Motorsports | Photo finish

Motorsports | Photo finish

If you thought 2007 saw the greatest racing season in recent times, think again. After what was the sport’s most exciting season last year—with the championship being decided in the last race and only one point separating the top three in the final standings—the 2008 season had a lot to live up to. And it hasn’t performed poorly at all.

Like last year, Ferrari and McLaren, with their respective drivers, were supposed to be the main title contenders, bar the odd hiccup or two. And BMW Sauber had been on the fringes for a podium finish all through 2007. But while the usual suspects were expected to perform, there were some changes under the hood to account for as well.

The biggest change adopted by FIA (Federation Internationale de L’Automobile), the sport’s governing body, this year was to disallow the usage of traction control and engine braking systems. Cars would no longer be remote controlled from the side of the pits. The drivers in 2008 had a greater challenge on their hands.

Tellingly, in the first race of the season in Australia, only seven of the 22 drivers finished the race. But as the season progressed, the drivers relished the challenge that this handicap threw at them.

Ferrari started the season with a flourish, winning four of the first five races before losing steam in the middle of the season. They are still very much on course to winning the constructors’ championship but a driver’s championship may elude them. Error-prone defending champion Kimi Raikkonen has been disappointing—he has not scored a point in five of the last six races. His only two wins came at the start of the season and after a victory in Spain he has struggled to finish well.

Teammate Felipe Massa, on the other hand, has been superb for most of the season but high pressure situations have been the bane of Massa’s drives this year. His disastrous pit stop in Singapore or the drive-through penalty in Japan are cases in point. Massa can now only hope that championship leader Lewis Hamilton will make a stupendous error in the final race.

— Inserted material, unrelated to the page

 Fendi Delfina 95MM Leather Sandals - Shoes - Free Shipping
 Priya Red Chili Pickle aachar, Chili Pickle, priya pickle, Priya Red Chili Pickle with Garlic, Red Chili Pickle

McLaren, who came oh so close to glory last year, have been strong in the middle part of the season. Their wins in Monaco, Great Britain, Germany and Hungary and Hamilton’s nine podium finishes have meant that they are hot on Ferrari’s heels in the race for the constructors’ championship. Hamilton has been generally ruthless throughout the season—some would even argue that he overdid his aggression. Driving rashly and then being unapologetic about it has made him largely unpopular with his rivals. But will he be able to convert this aggression and points advantage into a maiden, some would say overdue, championship title? With just one race to go—and a seven point lead—Hamilton needs to finish the final race strongly, leaving no room whatsoever for error. Partner Heikki Kovalainen has done what Fernando Alonso couldn’t do at McLaren last year—play second fiddle to Hamilton. But with only one win and two other podium finishes, the Finn hasn’t done himself any favours.

The biggest gainer from the last season has been BMW Sauber. With 11 podium finishes—seven for Robert Kubica and four for Nick Heidfeld— including their maiden victory in Canada, BMW Sauber has emerged as a serious challenger. Yet the car, for all its reliability, is just not fast enough to win championships. It has struggled to qualify ahead of the Ferraris and the McLarens and the team will hope for a better platform next year.

In 2007, Renault didn’t win a single race and finished on the podium just once. Then the team missed both Fernando Alonso and a competitive car. And so far behind the leaders had Renault fallen in just 2007 that Alonso’s return alone was not expected to win them a title. Their performance in the season so far hasn’t surprised fans. The French team’s season till Singapore was lacklustre. But Alonso’s wins since at Singapore and Japan have earned them points and respectability.

In all likelihood, Toyota, in 2008, will finish in the top five for just the second time. Under pressure to perform this season, the Japanese team owe their better than expected performance to the experienced Jarno Trulli. A consistent performance in the Brazilian Grand Prix should help them to at least hold their position in the table if not better it. But in the coming seasons, nothing less than a higher position in the standings will do. And Jarno Trulli is not getting any younger.

Closer home, never was Vijay Mallya’s Force India a force to reckon with. When minnows Super Aguri exited the championship, Force India found themselves in the unenviable position of being the whipping boys. Though not much was expected of them, on at least two occasions they failed to register any points after being in dominant positions. At Monaco, Adrian Sutil was comfortably placed in fourth when Raikkonen crashed into him from behind. At Singapore, Giancarlo Fisichella couldn’t hold on to a third place position. With limited budget and years of failure behind it, Mallya will have to be patient and continuously invest enough money to make Force India even an outside contender.

What has so far been an exciting season of racing will soon draw to close. But with the title being more closely fought for than ever before, the sport is in good shape. With more races moving to Asia and the success of the night race at Singapore, no one should be surprised if more Asian teams and drivers make it to the grid in seasons to come.

Amit Panhale is a freelance writer and co-founder of iSport Bureau, a sports content agency.